We also ordered smoked chicken. This was what we expected it to be. However, asians don’t generally section poultry the way western cultures to. There aren’t really wings, thighs, legs and breasts. There are 10-12 small sections, bones and all, that result from forcibly hacking the chicken apart with a cleaver. Unless you get the wing or leg, It is fairly difficult to guess which part you are eating exactly. It tasted really good, though.
Finally, a mobile phone camera I can use
I FINALLY got a mobile phone capable of taking photographs that I can email myself. I know, this is not a big deal.
However, living in Korea, the Land of the Morning Calm and the land of the NO FRAKKING iPHONE, I was mobile phone challenged for a year with a lousy phone that could not send a simple camera snap to the “real” internet. The phone could play elaborate video games, watch live Korean TV over the air, listen to the radio, listen to MP3s, record video, take photos and send multimedia messages to anyone on my mobile phone carrier’s private network BUT, it couldn’t send an email to the real internet with a photo as an attachment. This greatly limited my ability to snap quick photos of some of the more culturally interesting aspects of living in Korea as a foreigner.
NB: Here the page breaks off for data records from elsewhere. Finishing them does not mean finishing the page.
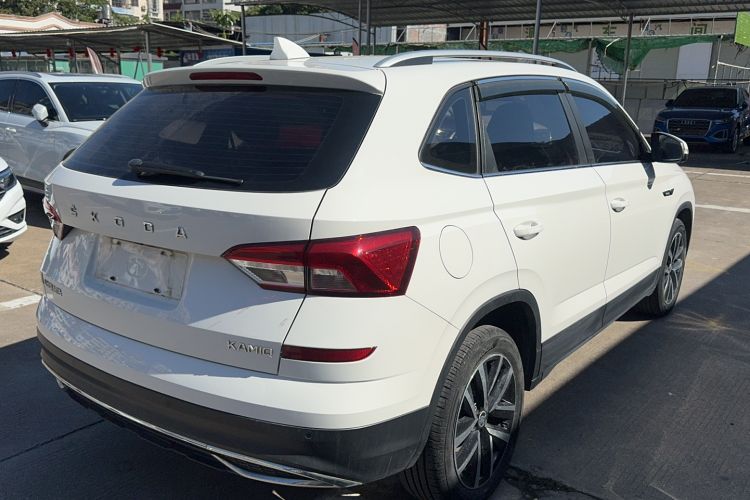 Used Skoda Kamiq 2022 1.5L Automatic Comfort Edition Exterior 3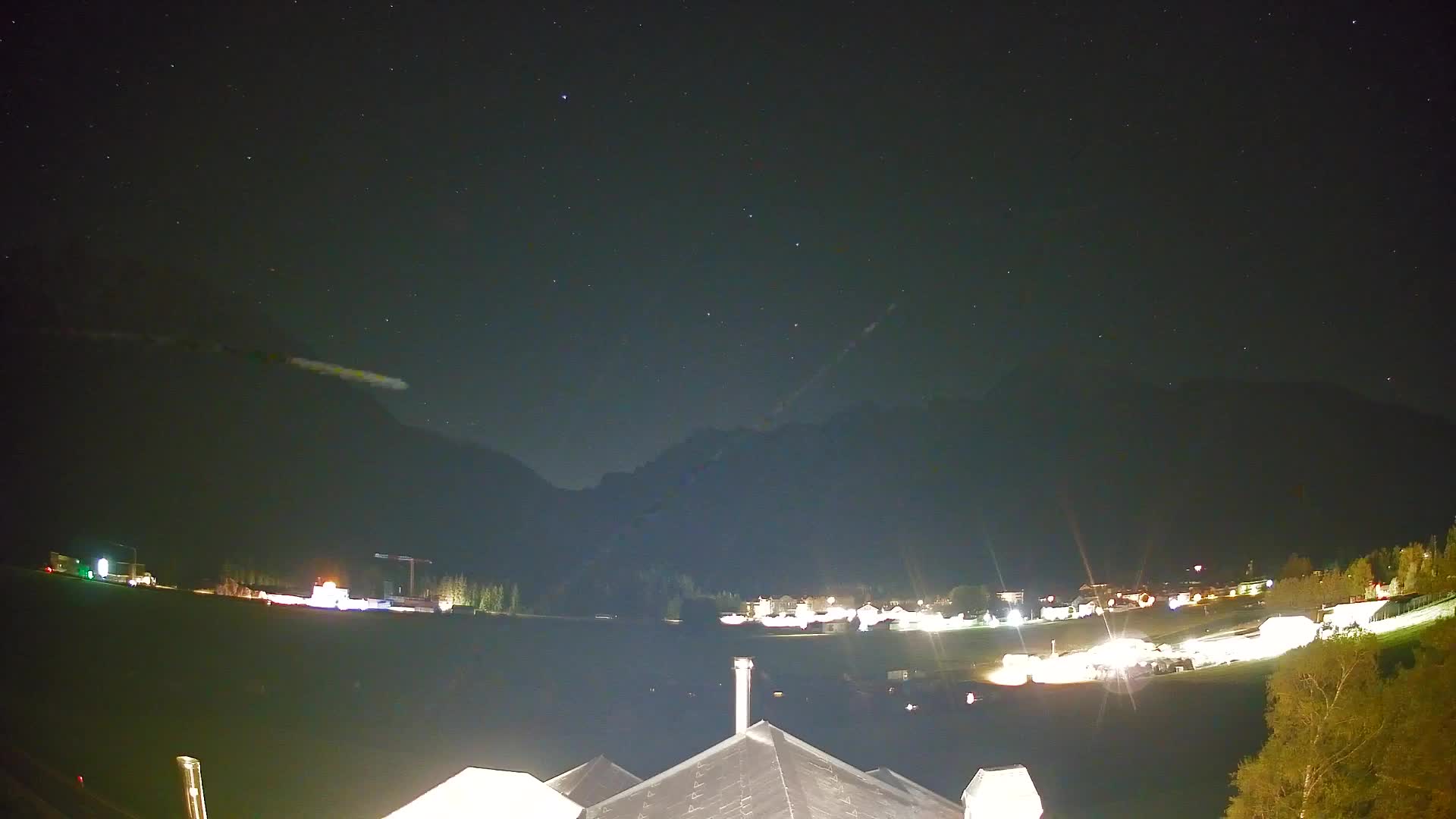 Webcam Toblach Dolomiten – Blick vom Hotel Rosengarten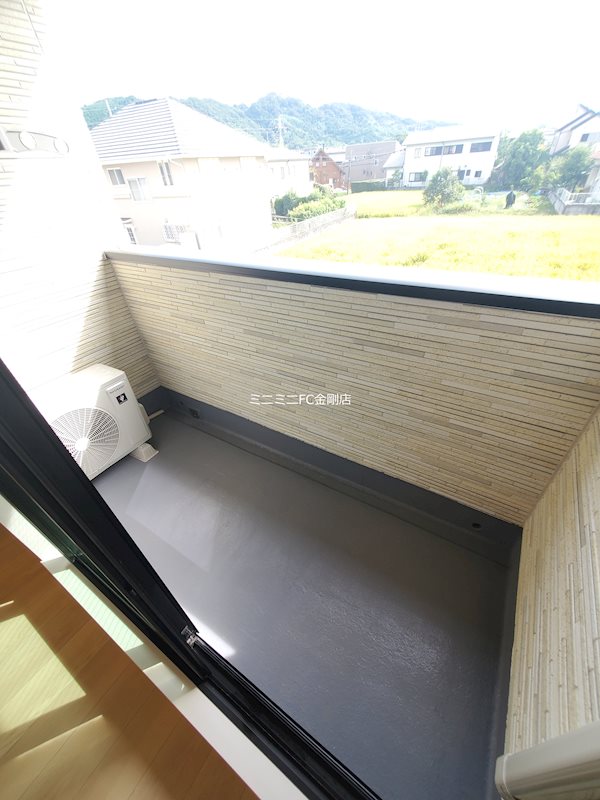 プログレス　コート ベランダ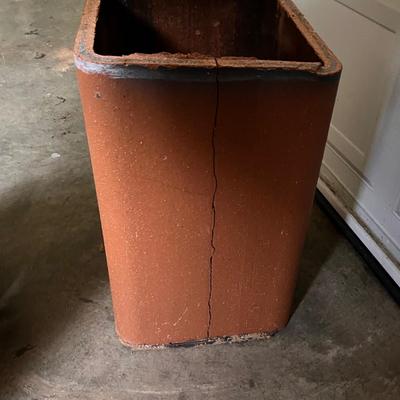 Metal Roof Turbine & Ceramic Chimney Pot (G-RG)
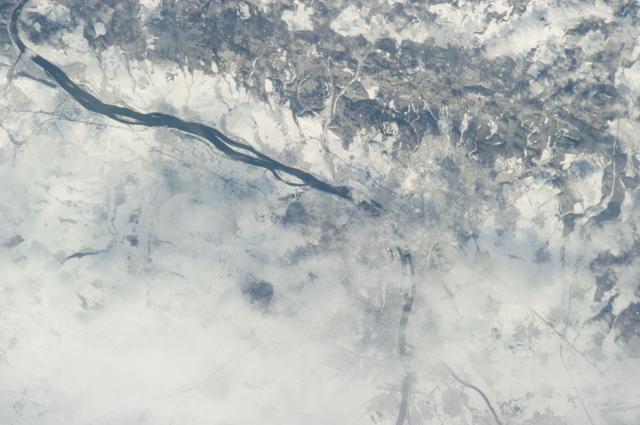 NASA image: Earth Observations taken by Expedition 34 crewmember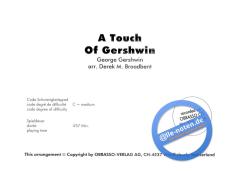 A Touch Of Gershwin (George Gershwin) 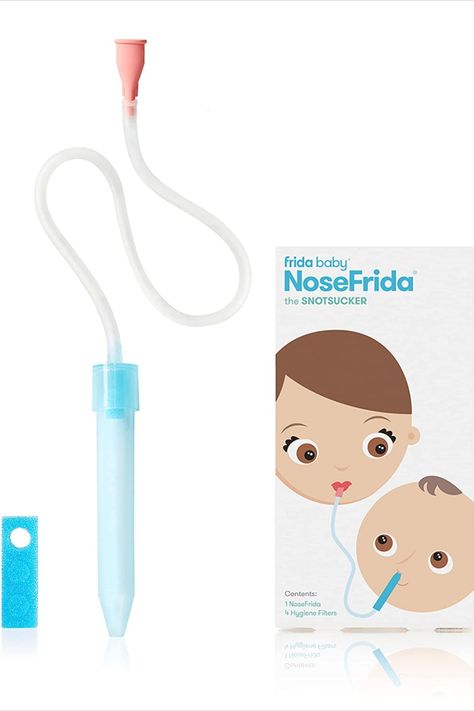 Provide some relief of nasal congestion with Frida Baby Baby Nasal Aspirator. NoseFrida the Snotsucker by Frida Baby (Color - Clear) Frida Baby, Nose Frida, Nasal Aspirator, Baby Color, Nasal Congestion, Baby Colors, Baby Health, Baby Baby, Childcare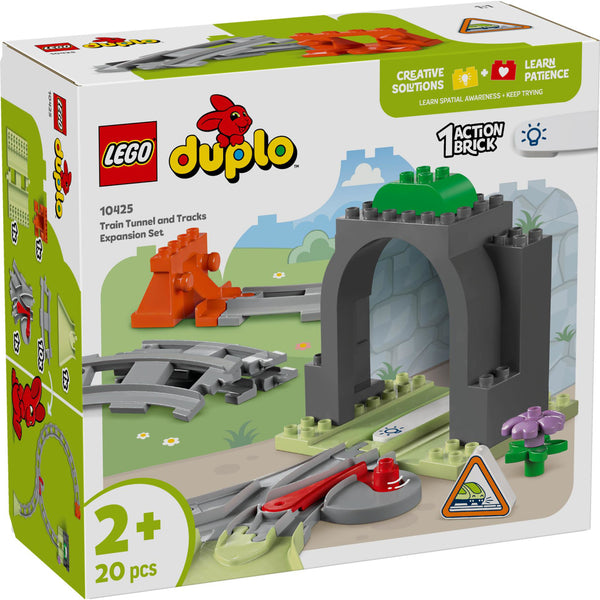 LEGO DUPLO 10425 Train Tunnel And Tracks ExpansionSet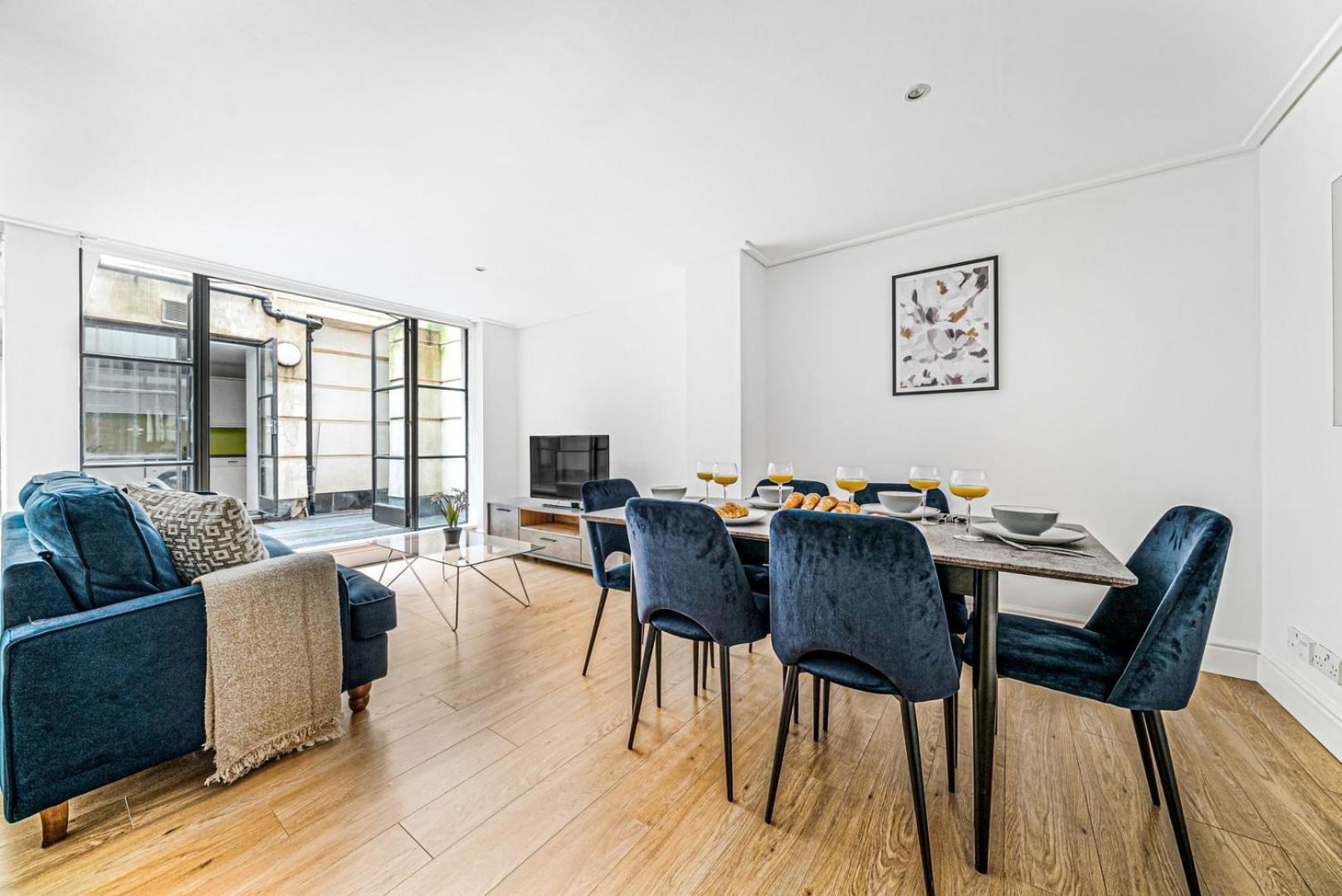 Appartamento Bnbnook - 2br With Patio - Covent Garden & Strand *
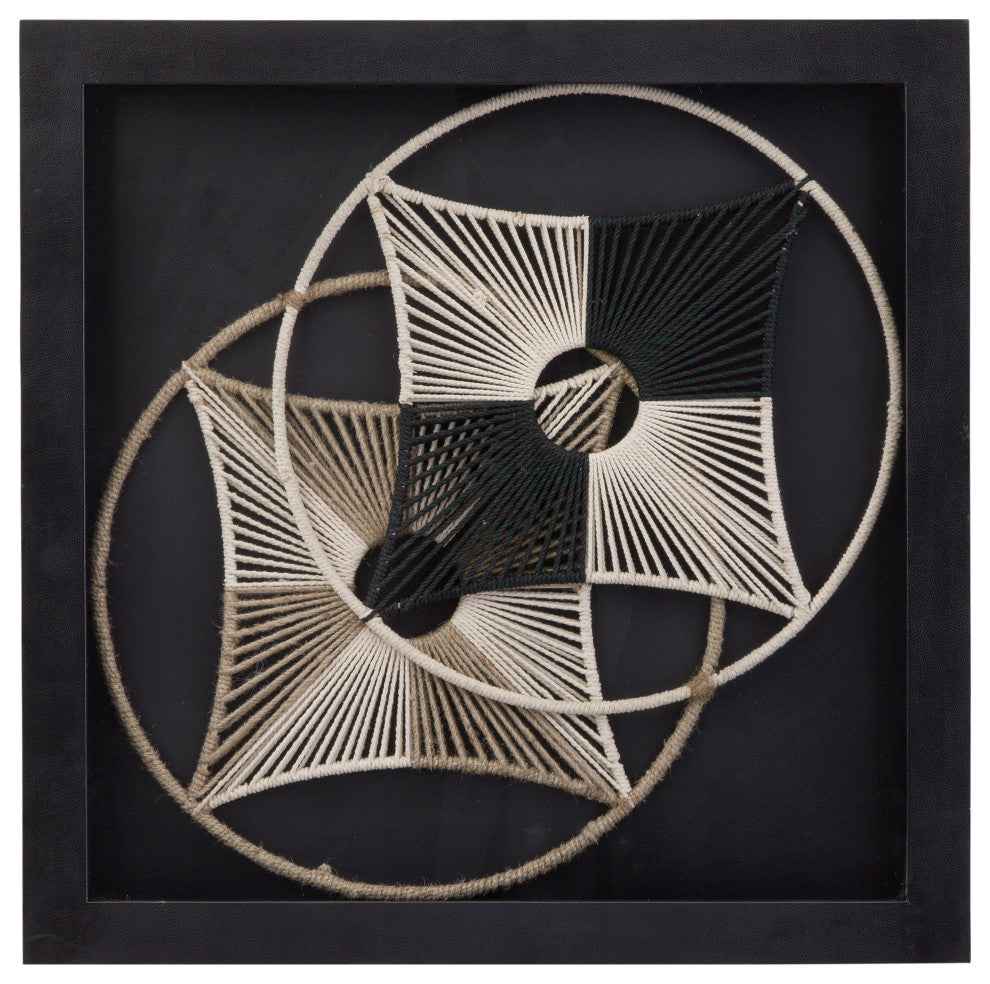 Wrapped Wall Art - Black Frame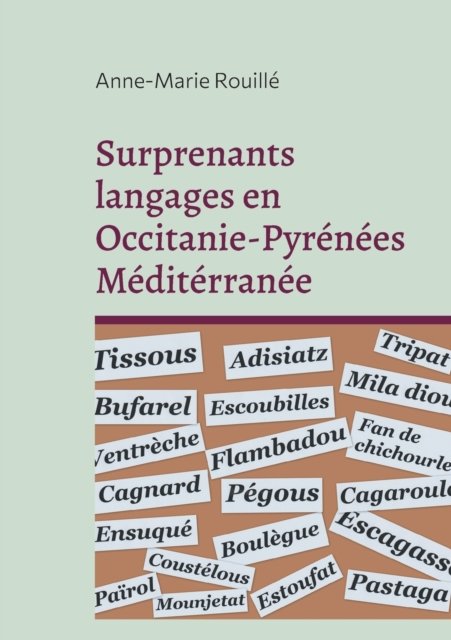 Cover for Anne-Marie Rouille · Surprenants langages en Occitanie-Pyrénées Méditérranée (Paperback Book) (2021)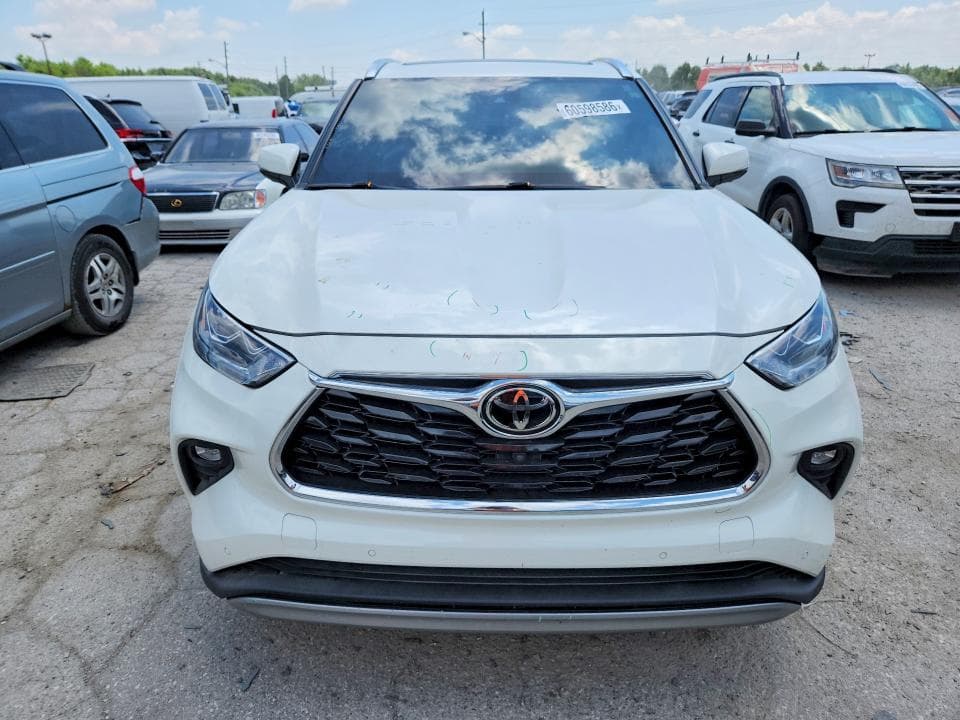 2021 TOYOTA HIGHLANDER PLATINUM 5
Here’s my first riveting photo, full of cultural insight:
It’s my grande, low-fat, iced chai tea latte from Starbucks. Hey! I paid for it with Korean Won at least.
See, Korea has probably the highest penetration of mobile phone use of anywhere in the world. If you speak Korean you are good to go because Korea is a mecca for mobile phone enthusiasts (as long as you don’t want an iPhone). Unfortunately for Hangul (korean language) challenged folks like myself, cool mobile phone technology is largely out of your grasp. So, you get stuck with one of the lame models that has, at best, marginal English language support.
When it came time to upgrade my phone, I only had one requirement. The phone must be able to take a photo and email it to my regular Internet email account. Now, I finally have it. I can send really interesting photos straight to my blog so that nobody will ever see them. Yippie!
What to do this weekend? I know, I’ll reenact a key asian naval battle!
Okay, I’m not actually going to be doing the reenacting but the subject of this post seemed boring otherwise. It’s gotcha journalism. Don’t hate the player.
Anyway, there is a big festival down in the southwestern part of the Republic of Korea called the 2009 Great Battle of Myeongryang Festival. Part of the festival includes a giant naval reenactment, a parade and more. It sounds like it might be fun. Here’s what the promotional material says:
“Co-hosted by the province of Jeollanam-do and the counties of Haenam-
gun and Jindo-gun, the 2009 Great Battle of Myeongryang Festival (Oct 9-11) celebrates the miraculous triumph at the Battle of Myeongryang, when war hero Admiral Yi Sun-sin led 13 Korean ships to victory over an enemy Japanese fleet of 333 ships. The four-day festival, to be held from Oct. 8 to 11 in the area around the Myeongryang Strait (also known as the Uldol Strait), is highlighted by a spectacular recreation of the battle — the massive reenactment features about 100 boats owned by local fishermen, with a total crew of 3,000 men. While you’re in town, you can take in the wonders of the so-called Namdo region, which encompasses the far southwestern corner of the Korean Peninsula. Sites include the beautiful Buddhist temples of Daeheung-sa and Mihwang-sa and the scenic island of Jindo. Throw into the mix some of the finest food in Korea, and you’re set for an outstanding weekend. More Information: (061) 286-5251 or www.mrdc.kr. Getting There: Most of the festival activities take place along the Myeongryang Strait, near the Jindo Bridge. To get there from Seoul, take the KTX from Seoul’s Yongsan Station to Mokpo (travel time: 3hr 30min). There are shuttle buses to the venue from Mokpo Station.”